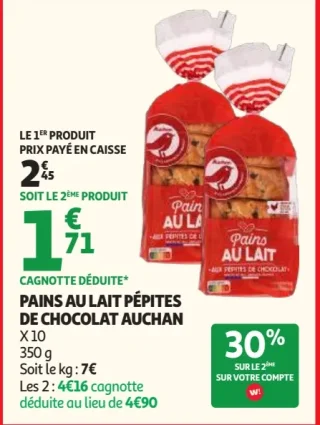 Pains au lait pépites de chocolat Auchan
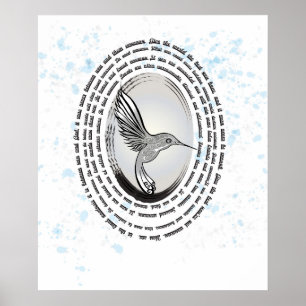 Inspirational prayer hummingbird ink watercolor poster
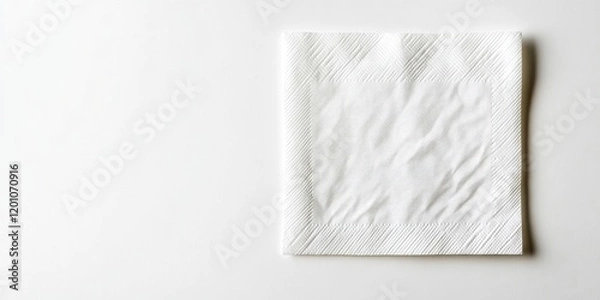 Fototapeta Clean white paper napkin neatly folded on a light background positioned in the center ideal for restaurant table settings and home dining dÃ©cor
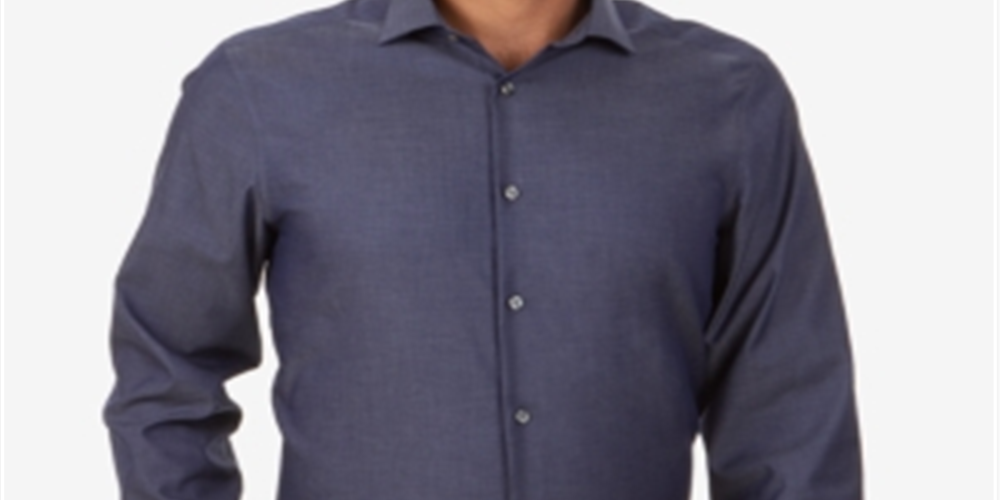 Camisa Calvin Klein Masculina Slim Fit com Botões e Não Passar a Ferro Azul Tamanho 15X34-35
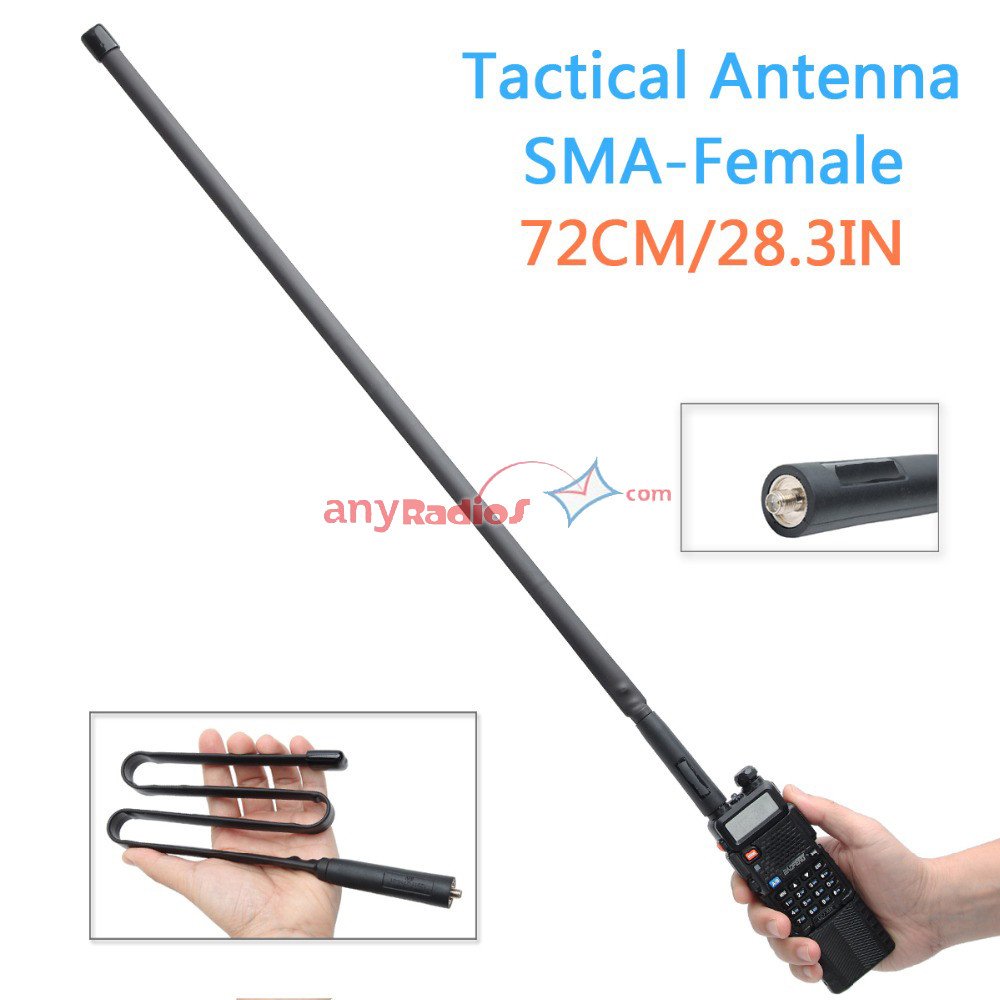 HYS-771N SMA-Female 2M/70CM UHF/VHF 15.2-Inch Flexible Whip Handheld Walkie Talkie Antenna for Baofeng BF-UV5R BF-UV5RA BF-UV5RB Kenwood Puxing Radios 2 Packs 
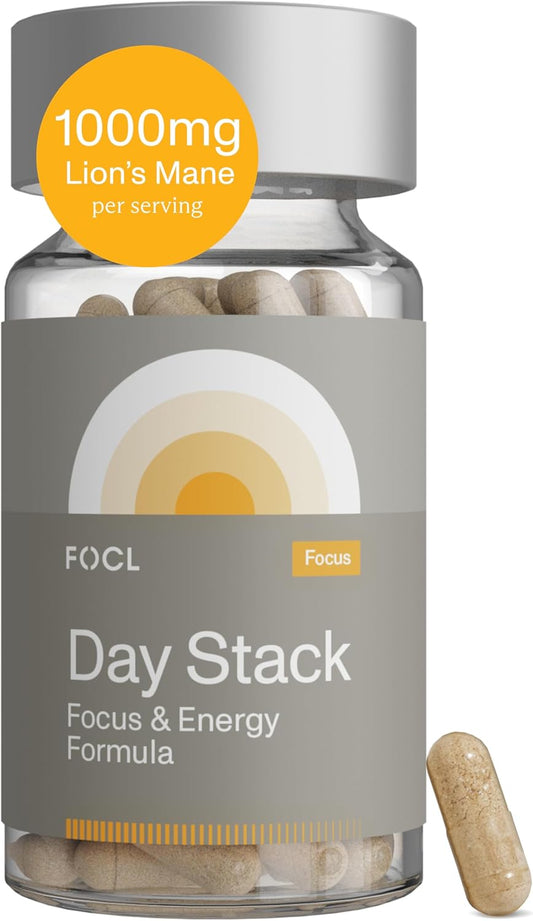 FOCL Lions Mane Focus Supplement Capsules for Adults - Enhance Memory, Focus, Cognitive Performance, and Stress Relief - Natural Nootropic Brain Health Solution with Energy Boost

Exercise requirements:
Exactly as written above, print every record, and keep the pictures out.

Finished exercise:
 Pains au lait pépites de chocolat Auchan
 Inspirational prayer hummingbird ink watercolor poster
 Fototapeta Clean white paper napkin neatly folded on a light background positioned in the center ideal for restaurant table settings and home dining dÃ©cor
 Camisa Calvin Klein Masculina Slim Fit com Botões e Não Passar a Ferro Azul Tamanho 15X34-35
 HYS-771N SMA-Female 2M/70CM UHF/VHF 15.2-Inch Flexible Whip Handheld Walkie Talkie Antenna for Baofeng BF-UV5R BF-UV5RA BF-UV5RB Kenwood Puxing Radios 2 Packs 
 FOCL Lions Mane Focus Supplement Capsules for Adults - Enhance Memory, Focus, Cognitive Performance, and Stress Relief - Natural Nootropic Brain Health Solution with Energy Boost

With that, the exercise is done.